§ What the exercise asks
Each line below needs to be returned exactly. Skip any picture.

Dataset content Block Start

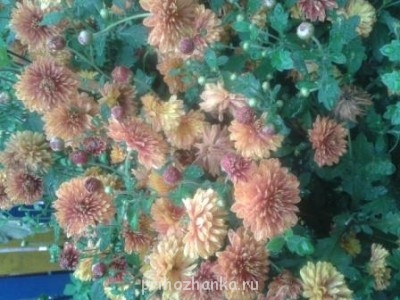 Декоративные садовые растения. - Изображение 006.jpg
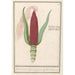 prydnadsmajs Zea mays Rood turks Cooren frumentum indicum rubrum Bled de turquie rouge - Anselmus Botius de Boodt — vy av konstverket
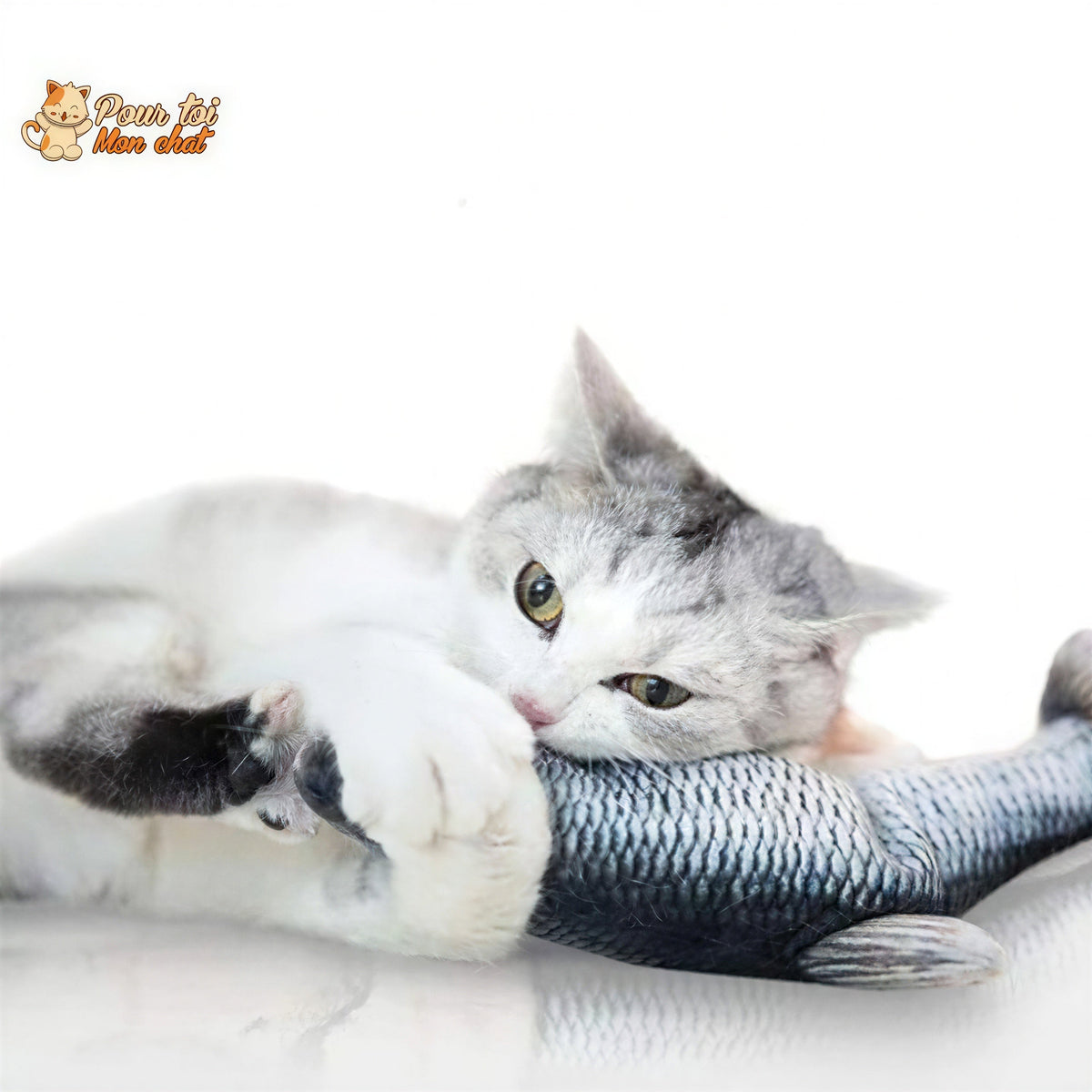 Poisson Sauteur Jouet pour Chat - Attrap'Fish™ Pour toi Mon chat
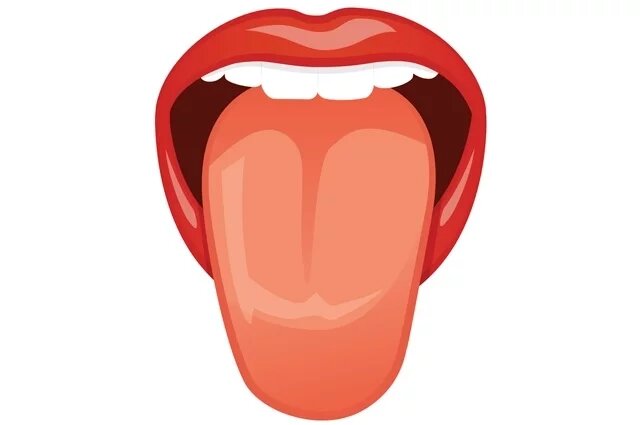    На какие болезни указывает цвет языка?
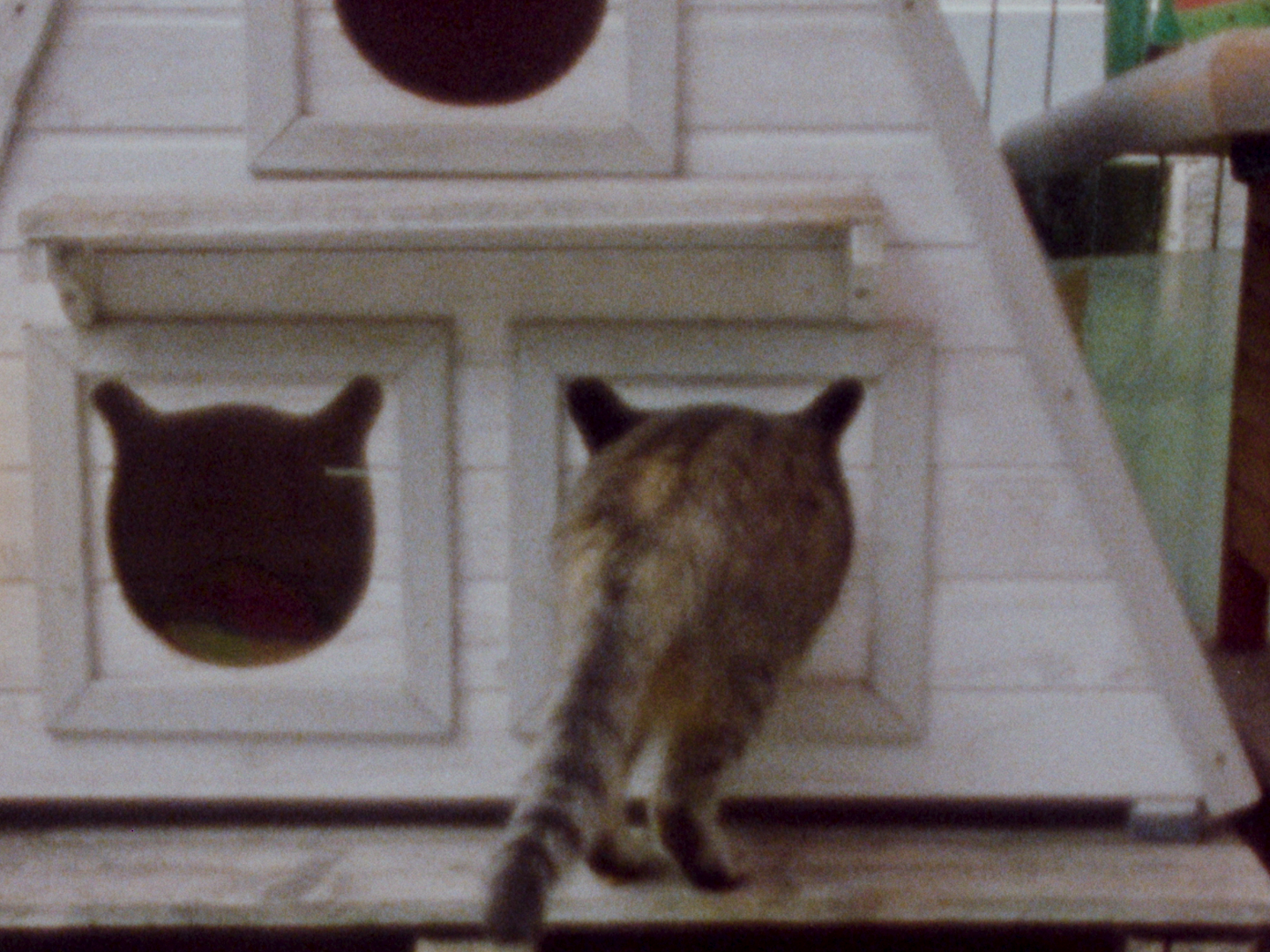 Cats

Dataset content Block End

§ Answer to this problem
 Декоративные садовые растения. - Изображение 006.jpg
 prydnadsmajs Zea mays Rood turks Cooren frumentum indicum rubrum Bled de turquie rouge - Anselmus Botius de Boodt — vy av konstverket
 Poisson Sauteur Jouet pour Chat - Attrap'Fish™ Pour toi Mon chat
    На какие болезни указывает цвет языка?
 Cats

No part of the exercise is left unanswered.